## INPUT DATA
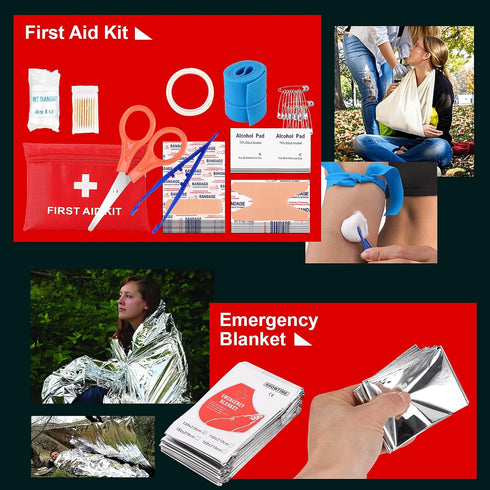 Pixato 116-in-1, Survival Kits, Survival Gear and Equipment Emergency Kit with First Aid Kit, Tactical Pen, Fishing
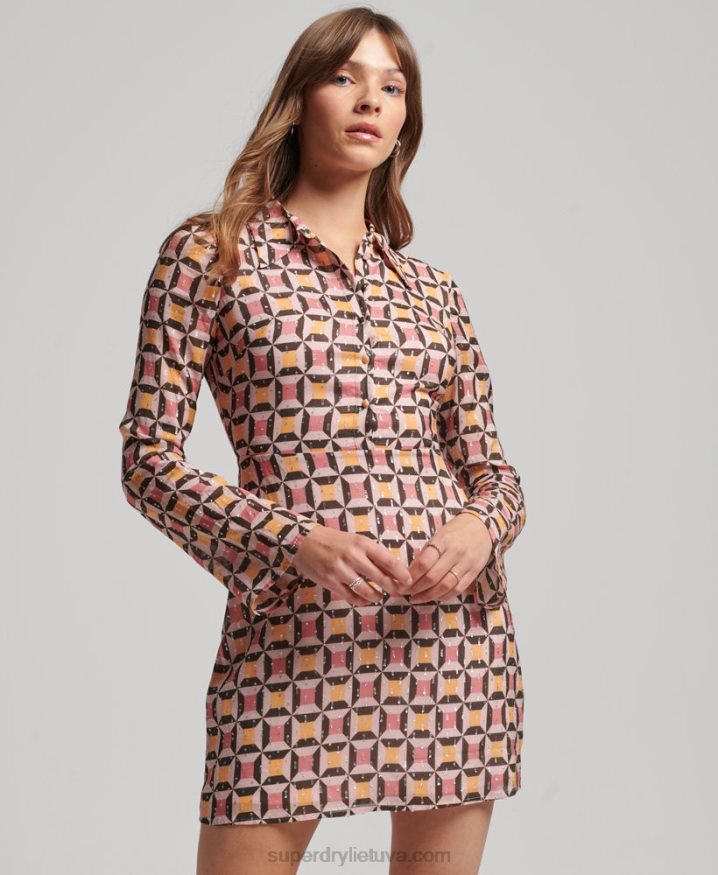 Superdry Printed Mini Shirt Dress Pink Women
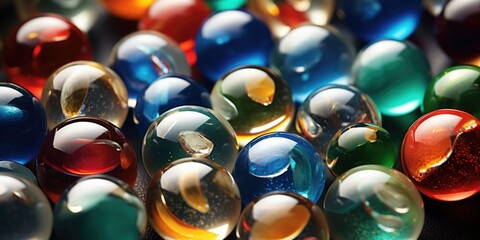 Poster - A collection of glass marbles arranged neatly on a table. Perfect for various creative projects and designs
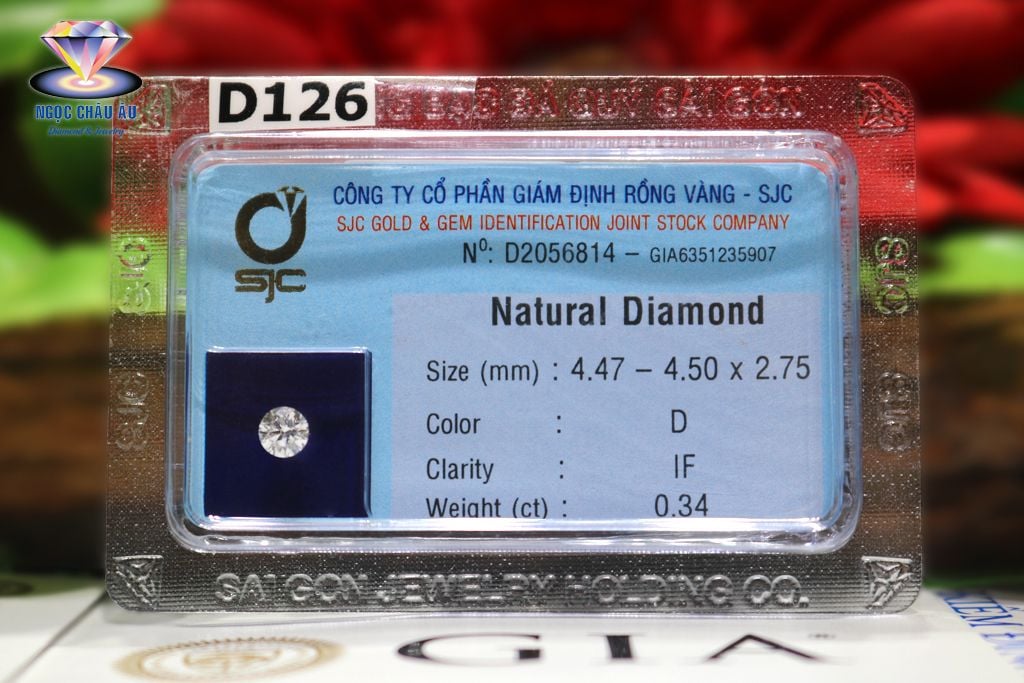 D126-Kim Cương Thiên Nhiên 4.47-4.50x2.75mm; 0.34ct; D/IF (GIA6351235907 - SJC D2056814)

==

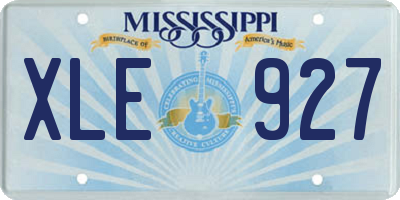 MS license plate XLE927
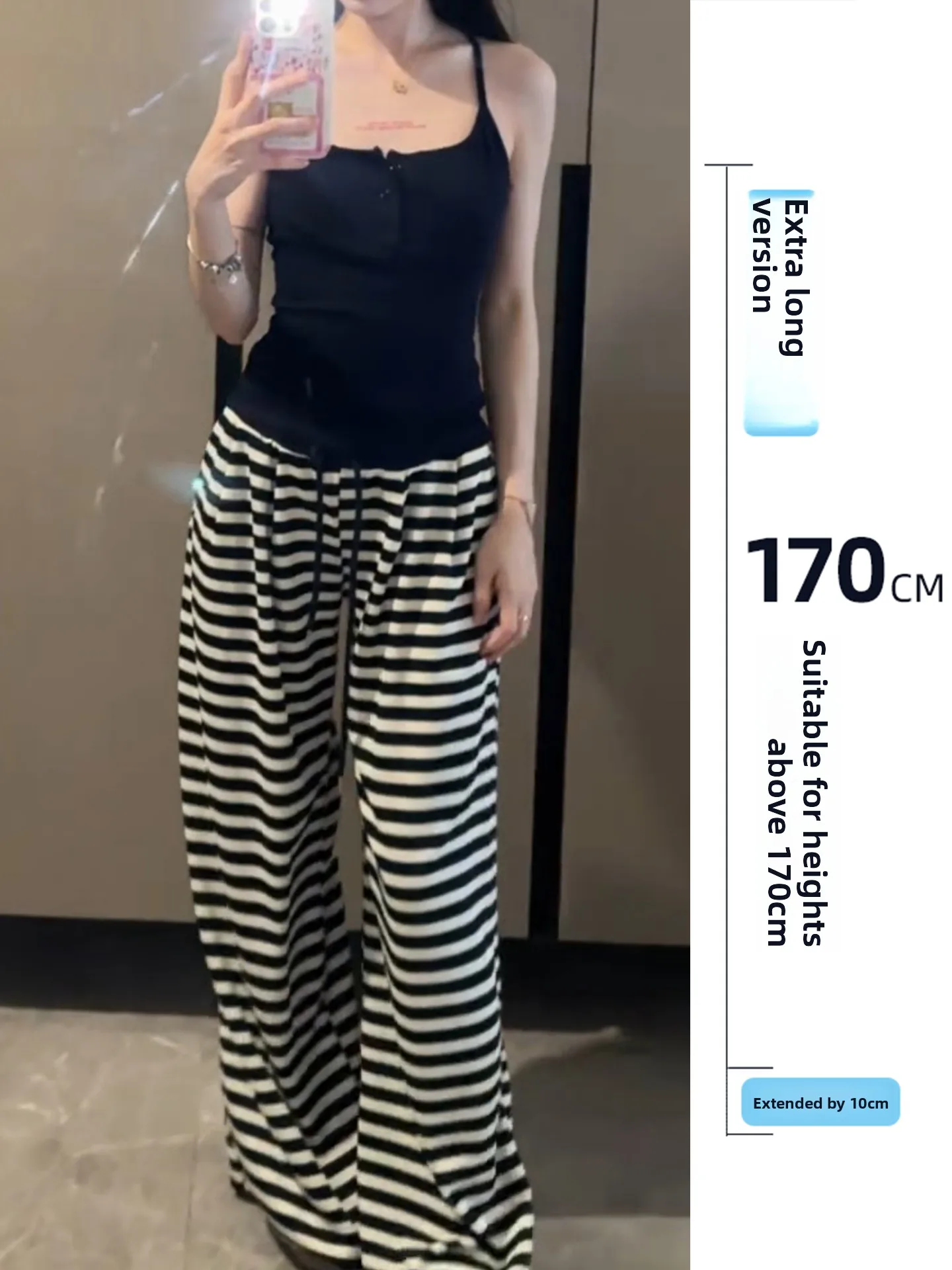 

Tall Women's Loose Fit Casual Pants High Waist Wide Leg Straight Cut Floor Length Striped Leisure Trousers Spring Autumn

---

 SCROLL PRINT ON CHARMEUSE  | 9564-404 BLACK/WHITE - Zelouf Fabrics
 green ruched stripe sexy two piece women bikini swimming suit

## EXERCISE DETAILS
Copy the lines above exactly, starting with the line that contains "Pixato 116-in-1, Survival" and ending with the line that contains "Poster - A collection", and leave out any pictures.

## OUTPUT FOR THIS TASK
 Pixato 116-in-1, Survival Kits, Survival Gear and Equipment Emergency Kit with First Aid Kit, Tactical Pen, Fishing
 Superdry Printed Mini Shirt Dress Pink Women
 Poster - A collection of glass marbles arranged neatly on a table. Perfect for various creative projects and designs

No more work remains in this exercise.